Saturday, January 28, 2012

Rhetoric of the Buffett Rule

I've encountered a number of interesting tidbits about this past week's State of the Union Address.  Here's an unusual analysis (sometimes rhetorical) from The Atlantic's James Fallows.  If you missed the speech, and would like someone to guide you through it, Fallows' annotation might be helpful.

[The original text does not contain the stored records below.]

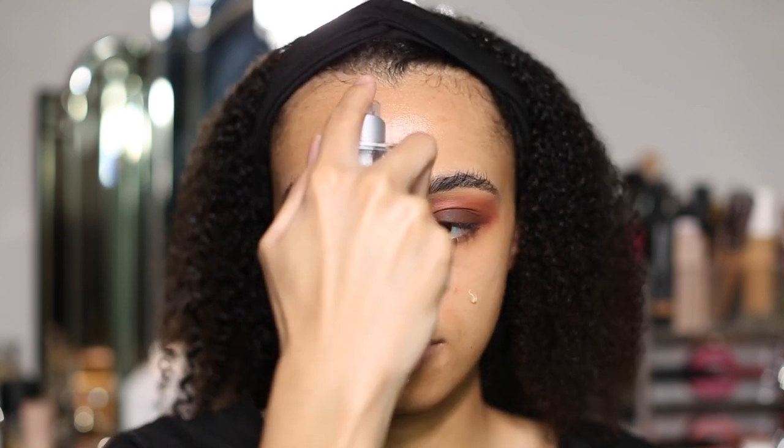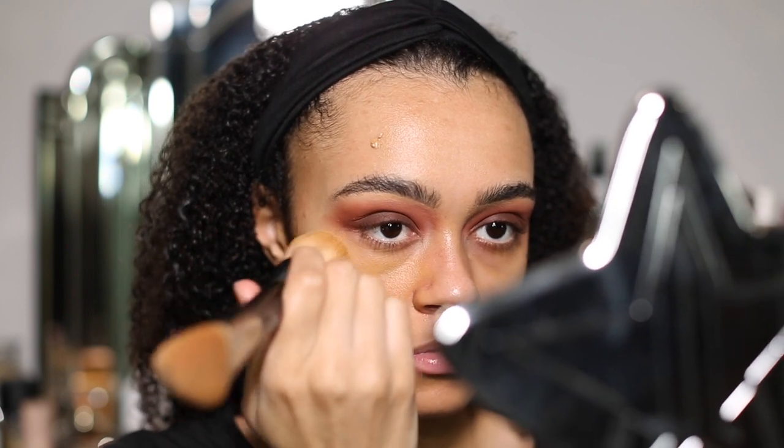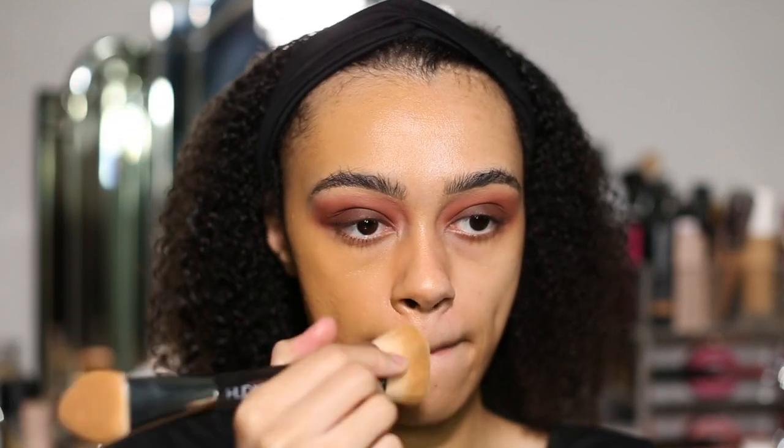First we're going to go in with the QWA Water Jelly. So we're going in with the brand new foundation on my right hand side. I am the shade Brown Sugar, which is 410G, and I'm just going to go in with the QWA Face Build and Buff brush. I just love how it blends out — I just love the coverage on this foundation. That was literally just two pumps and look at the difference. You can see how flawless it is. It just looks beautiful.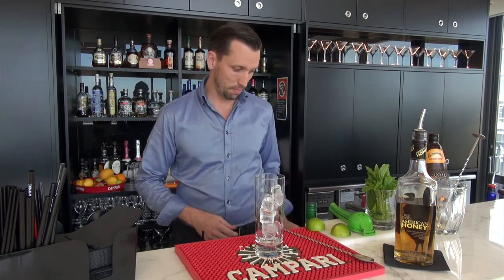Hi, I'm Ollie from Campari and today I'm going to take you through a honey storm. It's a simple drink made of American honey, fresh mint, a bit of fresh lime and topped off with ginger beer.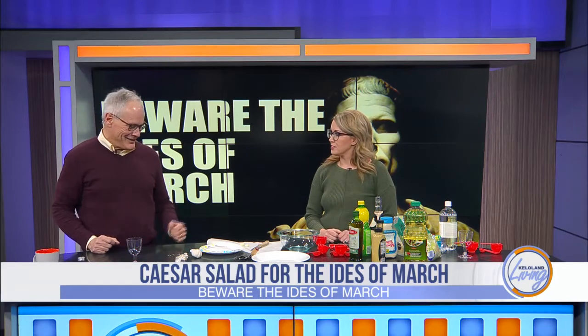In other words, no anchovies. This is your idea. This is my idea. Yes, beware the Ides of March. I live for this.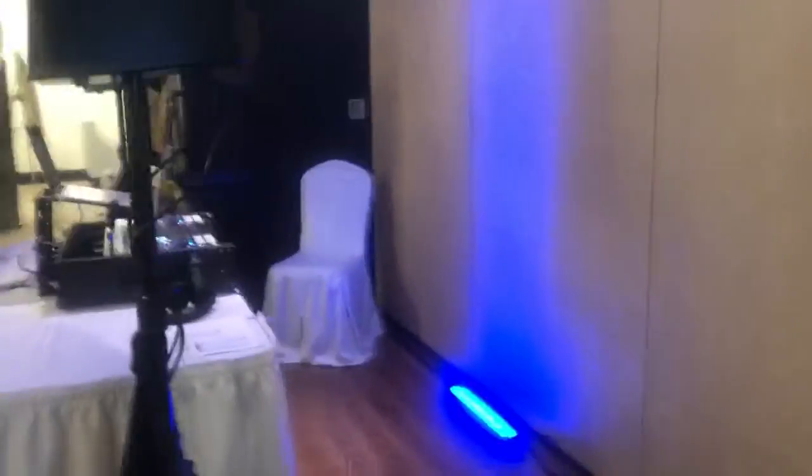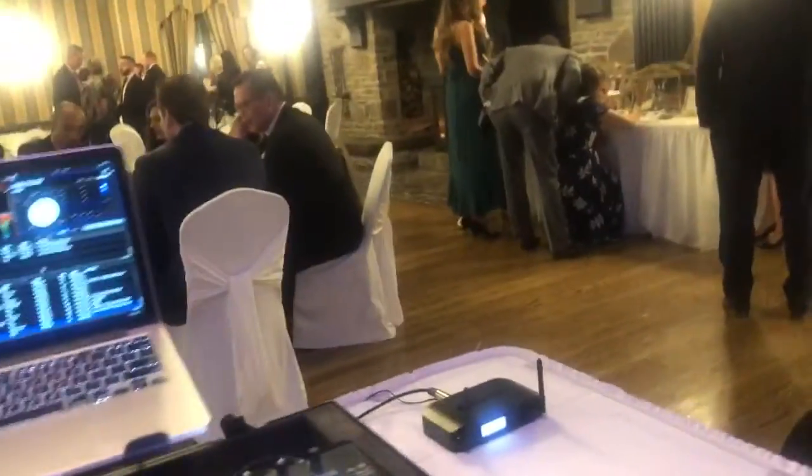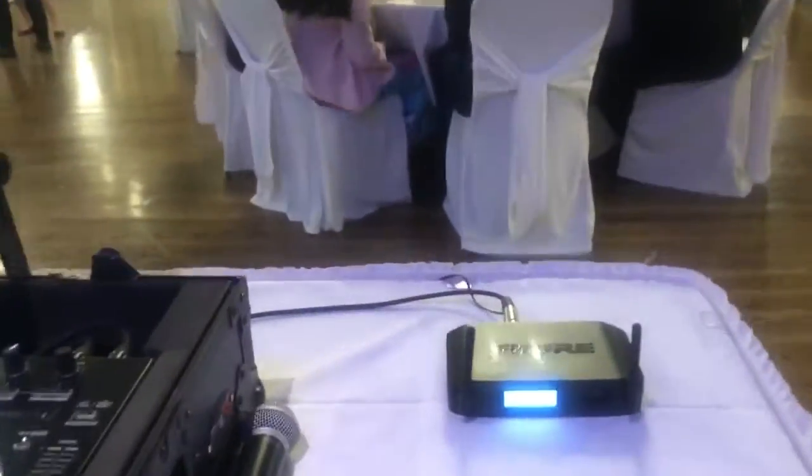Got a little bass, a couple of speakers — nice and clean, clean hook, clean vibe. Wireless mic, ready to use.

While context matters, sometimes examining words themselves can be a useful tool of rhetorical analysis.  Here's a graphical comparison of keyword frequency in the last twelve SOTU addresses.  (This year's big winners: Taxes and Jobs.)  As you might expect, the current president chooses different words than his predecessor.  
Source: Saul Loeb/Associated Press
Most interesting to me, from  rhetorical perspective, is this piece, again from The Atlantic.  It points out some very peculiar use of numbers when people compare Warren Buffett's tax rate against that of his secretary.  (Frequent comparisons have been made (by Obama, Buffett, and others) between Buffett's effective tax rate of 17% and his secretary's rate of 35%.  Buffett is the third richest person on the planet, and the principle that he shouldn't pay a lower rate--that it's an injustice--was dubbed by Obama as "the Buffett Rule.")  The point being made about disparate tax rates still seems worthy of response, but the creative use of data does hurt the ethos of this argument.